> Exercise aim
Word-for-word reproduction, images excluded: copy every entry below.

> Available data
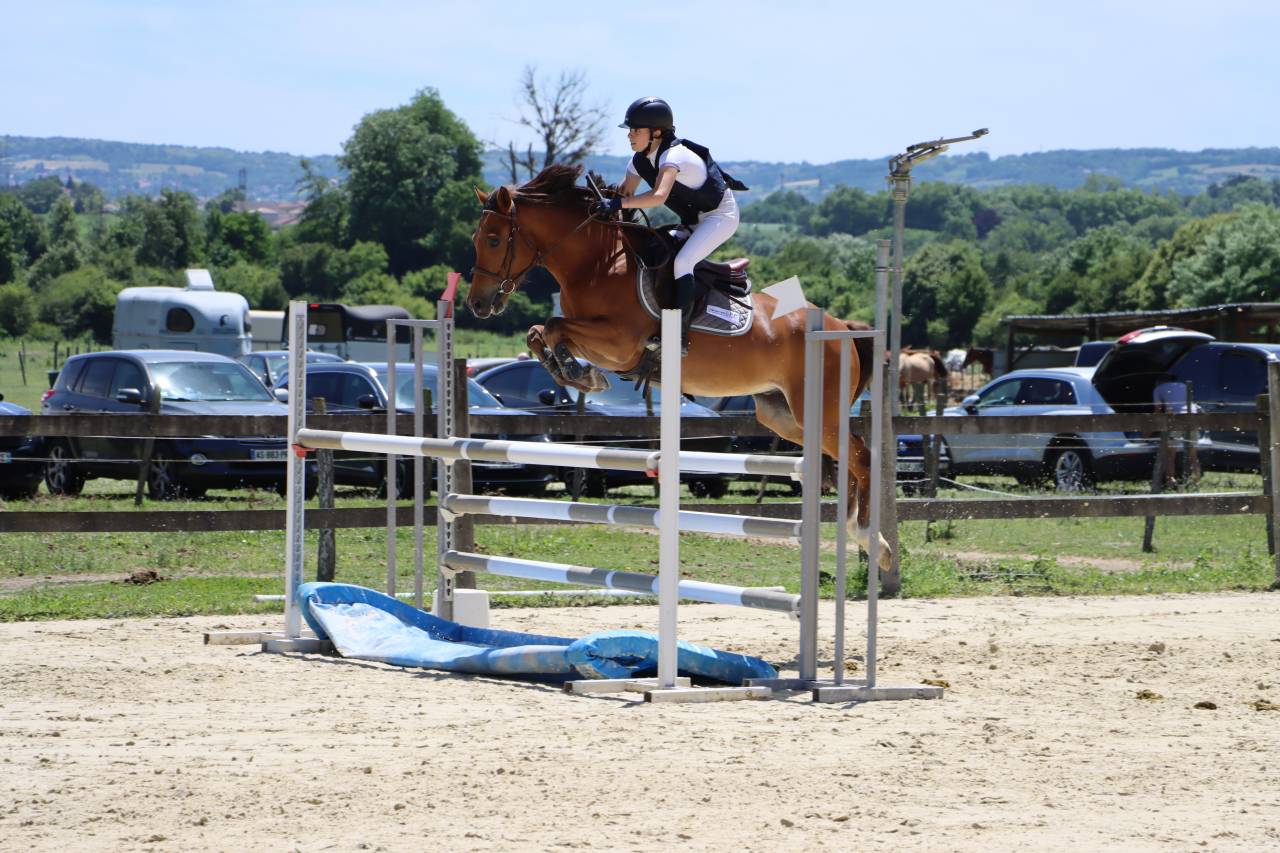 Castrone PFS Pony Francese da Sella In vendita 2018 Baio ,  Lennicha de Florys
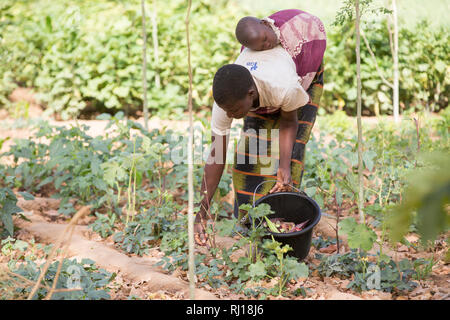 Samba Dorf, yako Provinz, Burkina Faso: Collette Guiguemde in ihres Mannes Markt garten arbeiten, Ernten okra. Stockfoto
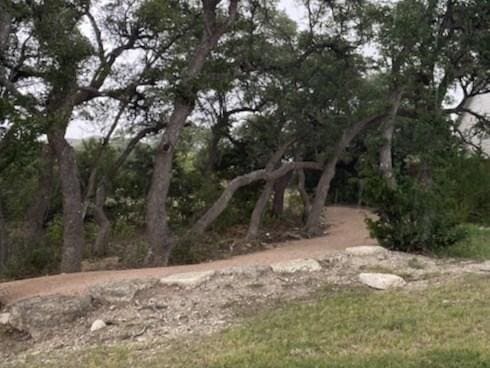 748 Hazy Hills Loop, Dripping Springs, TX 78620 - view of undeveloped land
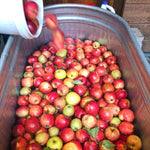 Salted Apple Caramel Spoon Preserves
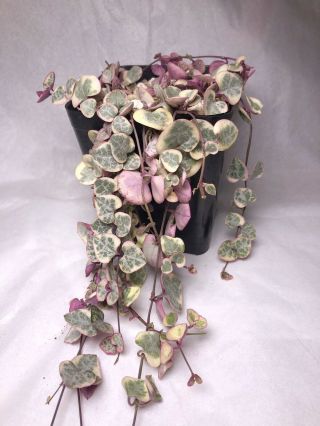 Rare Variegated (tri - Color) String Of Hearts Plant Succulent (3.  5inch Pot)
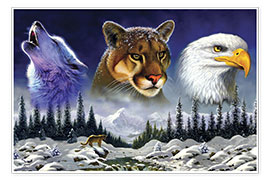 Poster  American wildlife - Chris Hiett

> Answer below
 Castrone PFS Pony Francese da Sella In vendita 2018 Baio ,  Lennicha de Florys
 Samba Dorf, yako Provinz, Burkina Faso: Collette Guiguemde in ihres Mannes Markt garten arbeiten, Ernten okra. Stockfoto
 748 Hazy Hills Loop, Dripping Springs, TX 78620 - view of undeveloped land
 Salted Apple Caramel Spoon Preserves
 Rare Variegated (tri - Color) String Of Hearts Plant Succulent (3.  5inch Pot)
 Poster  American wildlife - Chris Hiett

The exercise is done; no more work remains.